Iede de VriesIede de Vries

Der Agrarausschuss des Europäischen Parlaments wird am Donnerstag mit dem Vizepräsidenten der Kommission, Frans Timmermans, darüber sprechen, wie die europäische Landwirtschaft nach der Corona-Pandemie nachhaltiger gestaltet werden kann. Es ist die erste Gelegenheit für den Agrarausschuss, Timmermans zu seinen noch unveröffentlichten Plänen zu befragen.

Die Video-Debatte aus der Ferne mit Timmermans wird sich voraussichtlich vor allem auf die künftige finanzielle Unterstützung der Agrarsektoren konzentrieren. Einige Europaabgeordnete plädieren dafür, den Agrarsektor in den Corona-Mega-Wiederaufbaufonds aufzunehmen; andere halten es für „sicherer“, an den aktuellen Budgets für die derzeitige GAP-Politik festzuhalten.

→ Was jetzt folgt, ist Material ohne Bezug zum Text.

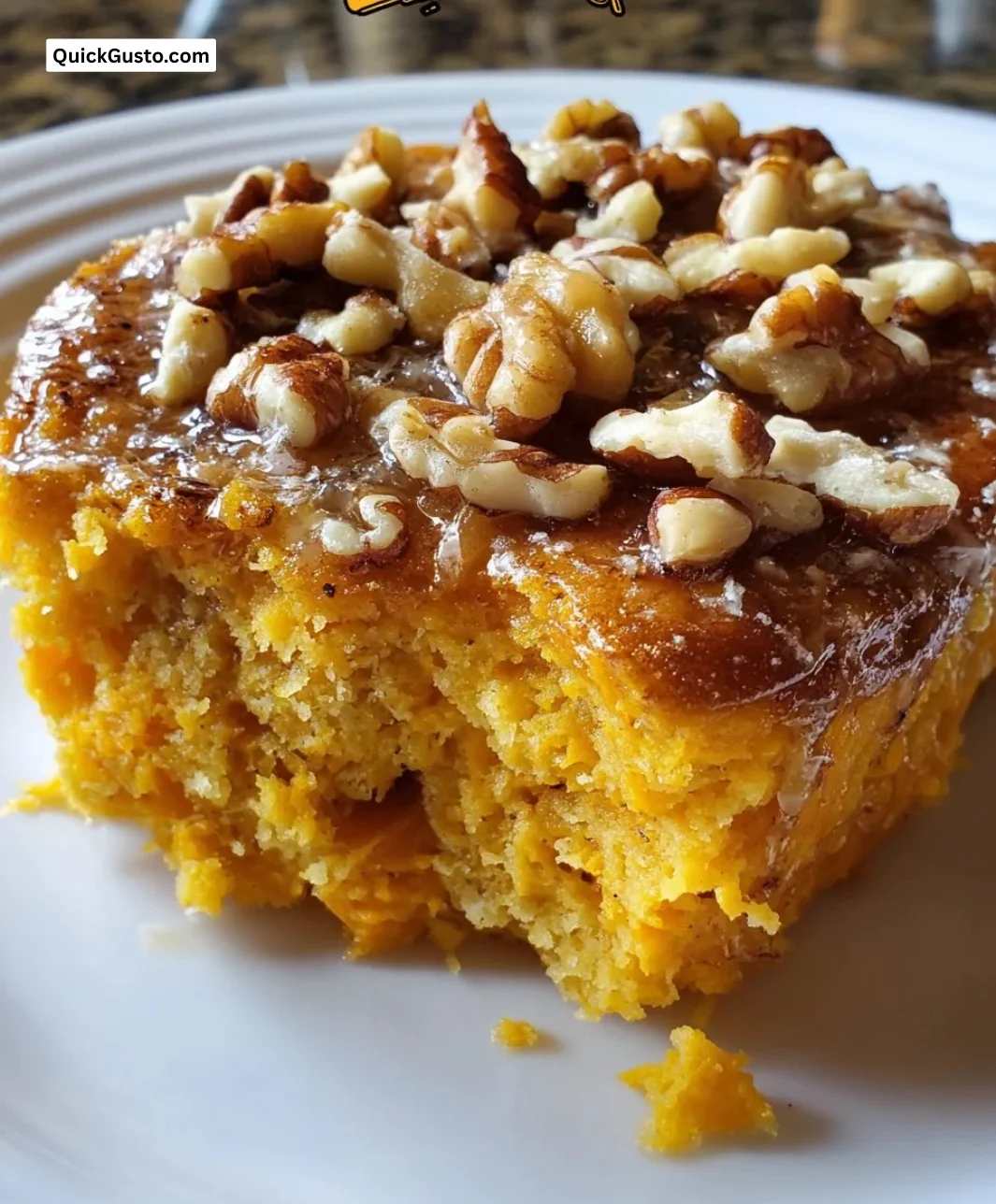 Sweet Potato Cottage Cheese Breakfast Cobbler served in a bowl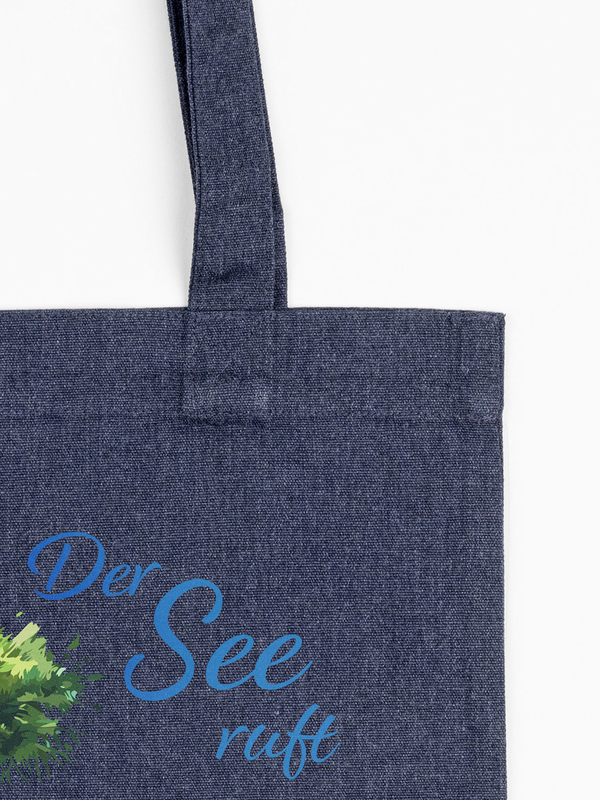 Stofftasche - Der See ruft1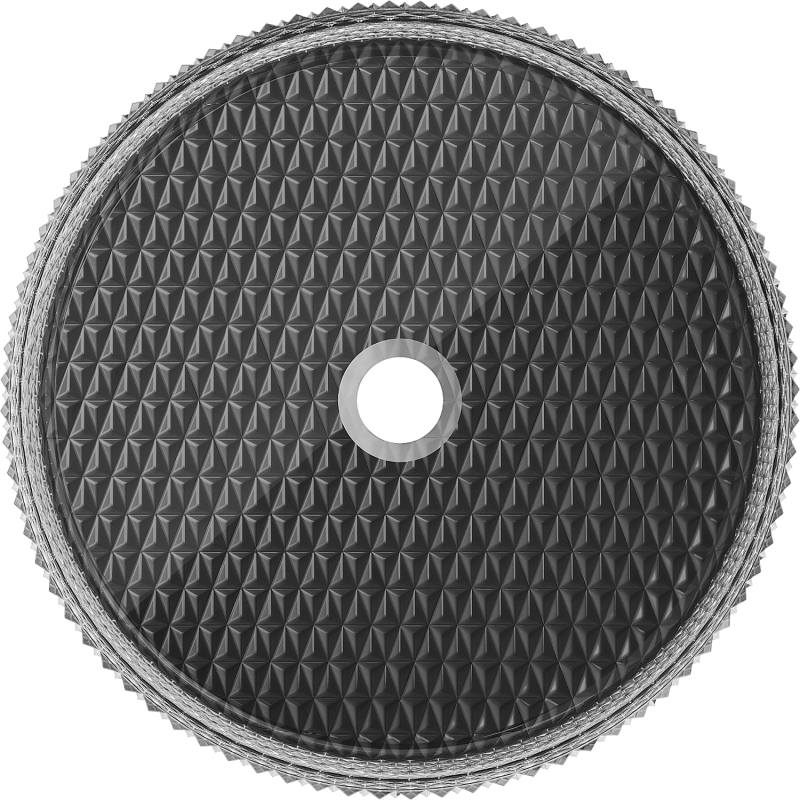 Mexen Aura skleněné umyvadlo na desku 39 x 39 cm, transparentní/černé - 24013971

Über diesen Mega-Wiederaufbaufonds sind sich die EU-Kommissare, die Minister und die Regierungschefs jedoch noch lange nicht einig. Timmermans hat zuvor eine neue Umwelt- und Klimapolitik („Green Deal“) angekündigt, wodurch auch der Agrarsektor mit neuen Anforderungen konfrontiert wird, nachhaltiger und umweltfreundlicher zu produzieren.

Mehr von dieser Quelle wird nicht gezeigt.